How flat panel displays changed the course of a career

The Opus College of Business’ new dean on her career to date and returning to the Twin Cities.

In 1984, I arrived in the Twin Cities to start my career at the University of Minnesota’s Carlson School of Management.  I came to Minneapolis from Northern California via St. Louis, where I spent three years teaching at Washington University. I remember feeling at home and in sync with the culture of the Minneapolis- St. Paul area almost immediately. To me, the Twin Cities felt connected to the San Francisco bay area, in part because, in 1986, Edo de Waart also moved to Minneapolis from San Francisco to conduct the Minnesota Orchestra.

I spent my early career as a traditional academic focused on research that would be published in high-quality journals and working hard to provide my students with a rewarding experience in the classroom.  I taught corporate strategy, international management and international trade and finance. My research focused on the impact of trade protection on corporate strategy. I had great colleagues at the University of Minnesota and loved my work.

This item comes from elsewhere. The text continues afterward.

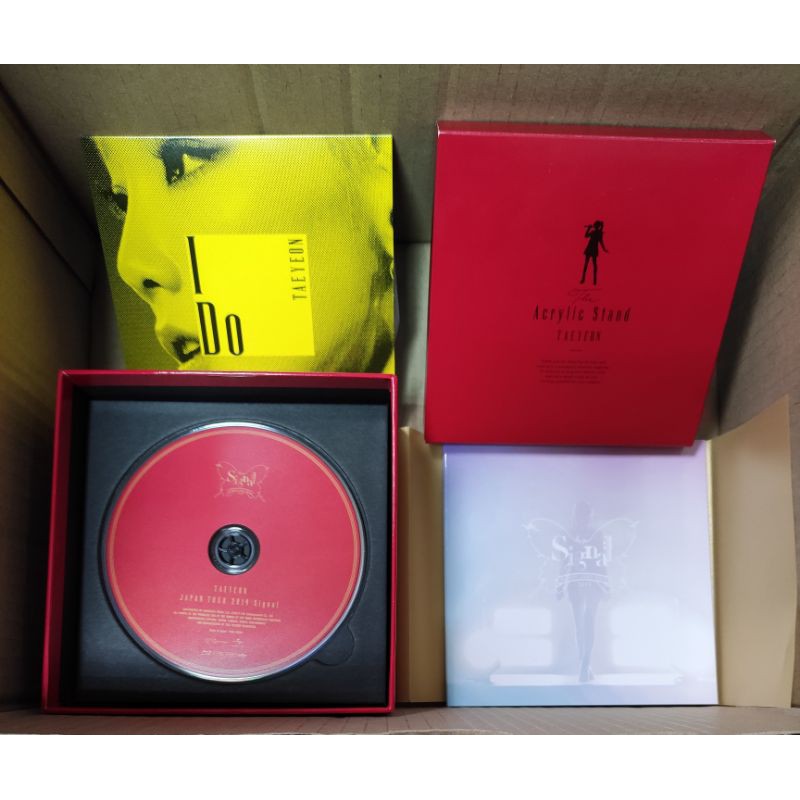 二手良品 藍光BD 太妍 2019日本演唱會 The Signal Gift 完全限定盤 藍光 dvd BD+CD 泰妍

In the early 1990s, I became fascinated with a group of struggling U.S. companies working to commercialize various new flat display technologies that would ultimately disrupt the display industry and lead to the proliferation of flat panel displays first commercialized for mobile computing that ultimately became the standard for high definition televisions. The companies I studied advocated for relief from alleged dumping of Japanese imports so they could generate sufficient revenues to continue to invest in U.S. manufacturing facilities.

An early case study of the anti-dumping petition led to a grant proposal submitted to the Alfred P. Sloan Foundation. The grant would fund travel for my colleagues and me to meet with managers of display manufacturing facilities as well as their equipment and materials suppliers in the U.S. and around the world.

Together with a team of scholars, I learned the industry from the ground up, visiting factories in the U.S., Japan, Korea and Taiwan and meeting with leaders of U.S. display businesses, their affiliates and alliance partners.

Through these conversations, my colleagues and I learned that academic theory did not always explain what worked in practice. We documented the strategic importance of learning from affiliates and alliance partners from around the world to build competitive manufacturing facilities. We also learned that trade protection created incentives for companies to look to domestic sources of knowledge about technology, which often did not contribute to their ability to compete.

My work with the Sloan Foundation flat panel display team changed the course of my career. Soon after the findings of our research went to press, I became department chair and then associate dean for MBA programs at the Carlson School and began to work closely with Twin Cities companies.

As dean of the Opus College of Business, I am committed to identifying opportunities for our faculty and students to partner with Twin Cities companies to our mutual benefit. Our faculty bring disciplinary expertise that enables them to explain what works and sometimes what does not work in a systematic way. Given how quickly business models have changed due to globalization and the exponential growth of the digital economy, the academic theories upon which we base our explanations constantly need updating through interaction with corporate partners.  I invite our corporate partners to engage in a conversation with Opus College faculty about how we can best learn from one another.

Stefanie Lenway, Ph.D. is dean and Opus Distinguished Chair at the Opus College of Business.